Nampak dengan jelas, properti dapur yang tradisional itu menjadi simbolisme “Tanah Ibu, Tanah Rempah” tersebut sebagai bentuk interpretasinya.
Bermula dari aktor perempuan sebagai penerus keturunan ibu di Minangkabau, yang selalu dengan ekspresi tatapan kosong dan mengeluh, menandakan bentuk beban yang ditanggung sepeninggal ibunya yang telah lebih dulu menanggung beban.
Lada yang digunakan menunjukkan kesibukan perempuan mengolah lada sebagai hasil panennya yang akan dijual rugi kepada VOC tersebut.
“Saat aktor sedang menampi dengan nyiru, itu menunjukkan bahwa pada dasarnya perempuan Minangkabau hanya bekerja di dapur saja, untuk membuat dan mengolah masakan. Tapi kedatangan VOC merusak tatanan adat dan budaya. Membuat perempuan ikut terlibat ke dalam aktivitas para laki-laki di Minangkabau,” kata Thendra menjelaskan.
Lalu saat aktor mulai bermain dengan ketiding, di sana mulai tampak tanda bahwa perempuan itu telah merasakan beban yang ditanggung di tanahnya sendiri oleh kedatangan VOC tersebut.
Sambil membawa tempeyen, menyimbolkan tanah sebagai kepemilikan perempuan di Minangkabau, malah menjadi siksaan tersendiri baginya, karena tanah hanya sebagai wadah untuk menguntungkan VOC semata, meski tanah itu milik masyarakat Minangkabau pada umumnya. VOC hanya menipu daya dengan mengambil tanaman rempah dengan murah di atas tanah masyarakat Minangkabau.
“Tanah Ibu, Tanah Rempah”, sebuah pertunjukan yang benar-benar membawa khalayak masuk dan merasakan bagaimana sejarah itu, meski khalayak tidak terlibat dalam peristiwa sejarahnya.
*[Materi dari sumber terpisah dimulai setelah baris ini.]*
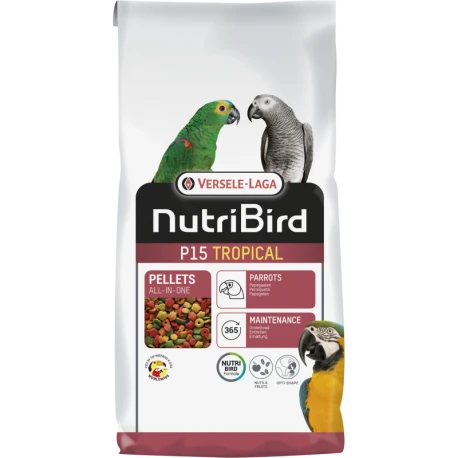 VERSELE-LAGA Nutribird P15 Tropical 10kg - Granulés Extrudés - Aliment D'entretien Pour Perroquets 3 VERSELE-LAGA Nutribird P15 Tropical 10kg - Granulés Extrudés - Aliment D'entretien Pour Perroquets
Tapi, khalayak dapat membayangkan, betapa beratnya beban yang diterima dan ditanggung oleh masyarakat Minangkabau, khususnya perempuan Minangkabau sebagai penguasa tanah.
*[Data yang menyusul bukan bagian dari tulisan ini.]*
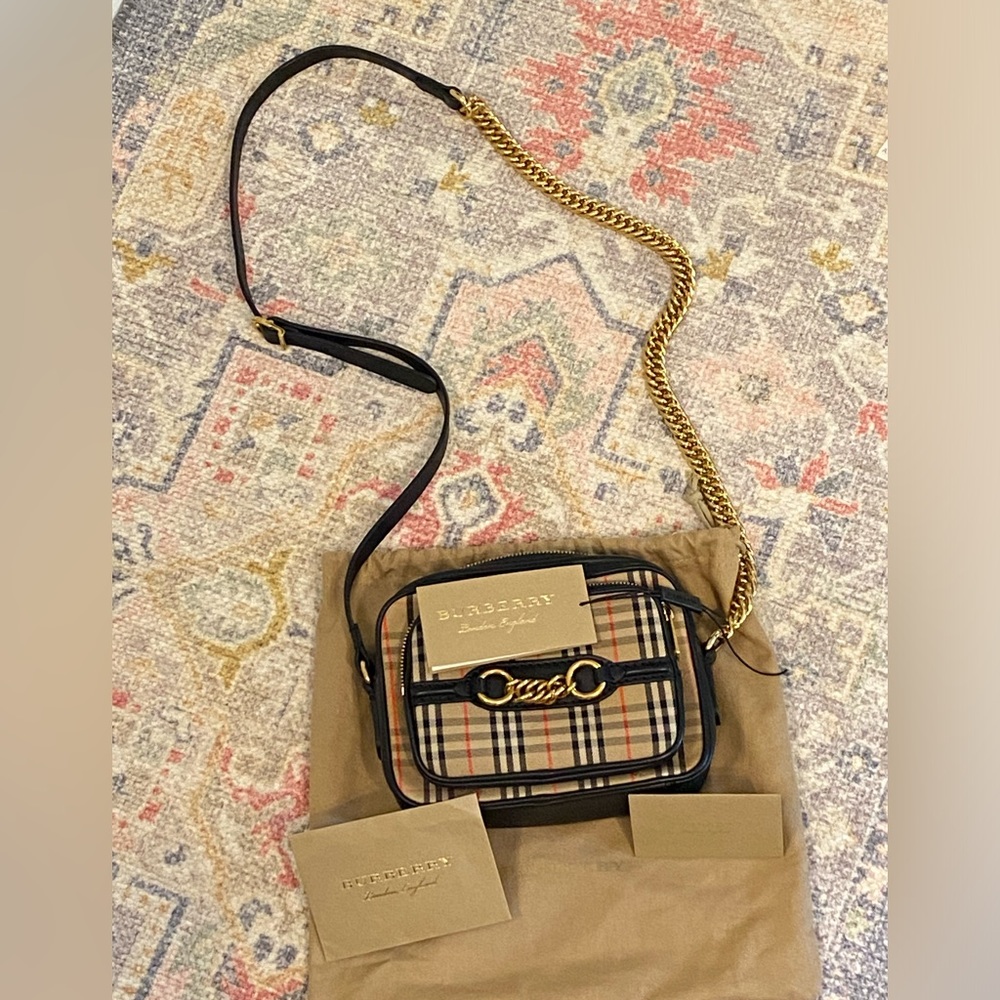 Authentic Burberry chain-link, camera bag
Dan setidaknya performing art “Tanah Ibu, Tanah Rempah” ini dapat memantik khalayak untuk dapat menjadikan hal itu sebagai pelajaran untuk dapat terbebas dari tekanan-tekanan yang ada, serta bagaimana kita bisa memberikan perubahan baru untuk ke depannya bagi generasi sekarang.